Mythanatos:
something like 95% of all patents are never commercialized. VEM is more than likely an idea that never saw reality.
and the continued success of the same individuals in tournaments time and time again indicates that.
it does however seem to exist as an excuse for inconsistent players.
VEM is in use in this game but I'm not really disagreeing with you, I think you're right in what you mean and you have been the last few posts in this thread.
The VEM in use is precision and forgiveness.
I know I've copied it before but I think the post below is well worth reading carefully.
WGTniv:
Wow, you guys have made this so amazingly more complicated than it is. Let me see what I can do to simplify this...
The game is pretty simple. Precision controls your accuracy. Imagine it's like a circle that surrounds the flagstick when you aim at it. The size of that circle is related to the precision rating. The higher the rating the smaller the circle. Your ball can land anywhere in the circle on a dinged shot (left or right, long or short). It will ALWAYS land in the circle on a ding shot, though sometimes it may land in the center of the circle and sometimes it may land on the very outer edge or anywhere in between those two points. When it lands on the outer edge this is what you guys have come to know as "the beast". Was the shot pre-programmed? Does it know you're standing on the 17th hole at Kiawah? No, it's just unfortunate timing. The result you see is the logical spread dictated by the precision rating of the club over 100 or 1,000 or 10,000 shots taken on the site. No matter how big or small the sample it's amazingly consistent because it is after all only a simple mathematical formula. The shot data is spread out amongst all users, so there will be times when you run into a lot of "edge cases" (aka deviations, aka outside edge of the precision circle) and times where you seemingly can't miss the center (even when you mishit). This is the ebb and flow of the game and it's always been there. In the short term you will have "bad" days and "good" days. In the long term (providing they are using the same clubs) any one player will see the same amount of "edge cases" or "deviations" that the rest of the players do.

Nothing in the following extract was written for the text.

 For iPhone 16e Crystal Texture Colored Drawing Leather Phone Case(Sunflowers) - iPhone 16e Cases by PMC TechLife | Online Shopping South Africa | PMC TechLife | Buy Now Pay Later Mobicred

And that's all there is to it! The other theories can be put to bed. There's no behind the scenes tweaking, no changing club attributes based on skill and no hidden mechanism that knows when you're on a water hole. It's just a formula that runs exactly the same for every single shot and it has no idea (nor does it care) where you are on the course. It doesn't matter if it's the first tee shot on #1 or the winning 10-foot putt in the USGA Virtual Championship. The formula runs the exact same calculation every single time and you're always at risk for an "edge case". How far away an "edge case" can take you depends solely on your precision rating for that club. The higher the precision rating (and conversely the more lofted the iron) the less "edge cases" will take you away from where you aimed.
Course releases have ZERO affect on your clubs. When a course is released it's just assets, hole maps, minimaps, HD photos and stuff that has absolutely no affect on your clubs. Us adding a JPG picture file (or 100,000 of them) does not change the way your approach shot on Kiawah #2 interacts with the green. Each course has it's own settings and each course comes with it's own set of "surfaces". If you go into Oakmont expecting your clubs to interact the same way they do on Kiawah then you've already made your first mistake. Every course has it's own nuances right down to how the ball is affected by elevation and break and you'll have to figure that out with practice. While adjusting to those nuances you may forget the nuances you learned on the older courses and get stuck in between your adjustments. That happens to me too. A new course comes out and suddenly I can't make a putt on Kiawah because I've spent so much time learning how to play the new breaks on Oakmont. As a result I end up over-playing breaks on everything for a short time while I adjust.
Hope that clears some of this confusion up. You fellas certainly come up with some wild ideas, but it's no where near as complicated or convoluted as some of you seem to think it is. Remember, keep it simple because it really is simple.